A quick note for those who are unaware how arbitration works. A player with greater than 3, but less than 6, years of service time is eligible for salary arbitration. The team and player each propose a salary and they only go before a panel of arbitrators if they can’t reach a decision. This is typically an awkward scenario because the team will submit the lower salary. To his credit, Mozeliak handled it well with Wacha a year ago, attributing it to the business of baseball, nothing more.
Before Friday’s deadline, the Cardinals tendered a contract to Michael Wacha for his second year of arbitration. Whether or not the two parties will end up before a panel again this year is relatively insignificant. However, it is worth considering what Wacha’s role will be for the Cardinals in 2018.
As of now, it appears he will start the season in the rotation. The guaranteed starters look to be Martinez, Wainwright, Wacha, and Weaver. However, Wacha could be used in the bullpen. Bernie Miklasz proposed the idea in October based on the success of Dodger starter-turned-reliever Kenta Maeda. He made some interesting statistical points you can read about here.
He presents many solid pieces of evidence. Yes, Wacha is best against the lineup the first time through, but that is generally true league-wide due to both pitcher fatigue and familiarity growing over the course of a game. Perhaps the most interesting piece of evidence Miklasz gave was in one short sentence towards the end of the piece in reference to Wacha’s fastball-change combination. He said it was “ideal” for short relief.
The aspect of Wacha’s fastball-change combination that is so exciting is his growing mastery of the release point.
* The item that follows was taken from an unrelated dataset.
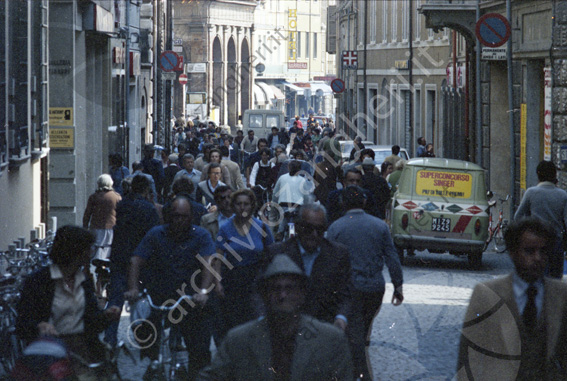 Corso Sozzi (in un momento di traffico di persone) Gente persone camminare bicicletta hotel barriera farmacia centro storico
Here is a graph of the horizontal release points for Wacha’s fastball and changeup in 2017.
As you can see, his release points started off pretty close in April, grew apart in June, but ended up in the same exact place in September. What’s more, they were extremely close in August as well, hinting at a concerted effort to replicate release points for these different pitches.
This development doesn't necessarily mean Wacha should be relegated to the bullpen. It simply shows that Wacha is improving and can be more effective if he continues to replicate his release points, especially for these two pitches, which differ in velocity by almost 8 miles per hour and doing so consistently to close the season.
The debate about whether or not Wacha should have a relief role hinges on the question of maximizing his value based on the roster composition of the 2018 team. With what arrangement can the total value of the pitchers be maximized? If the other options for the starting rotation are Martinez, Wainwright, Weaver, Flaherty, and Gant, it will not make sense to put Wacha in the bullpen.
However, if the Cardinals can acquire a quality starting pitcher this offseason, perhaps moving Wacha to the bullpen when Alex Reyes is ready to return to the rotation would be the right move. One possible scenario is using Wacha in the regular season as a starter, but moving him to the bullpen for the postseason. We have seen the growing use and significance of the bullpen in postseason play and the addition of Wacha would certainly add value to what might be already be a formidable group. This would fill the need for a strong bullpen in October and allow Alex Reyes to keep his innings down over the course of the season.
The fact that we can even have this debate shows his versatility. Whatever the final strategy is determined to be, Michael Wacha is still a developing player, who provides a considerable amount of value in the starting rotation and the bullpen.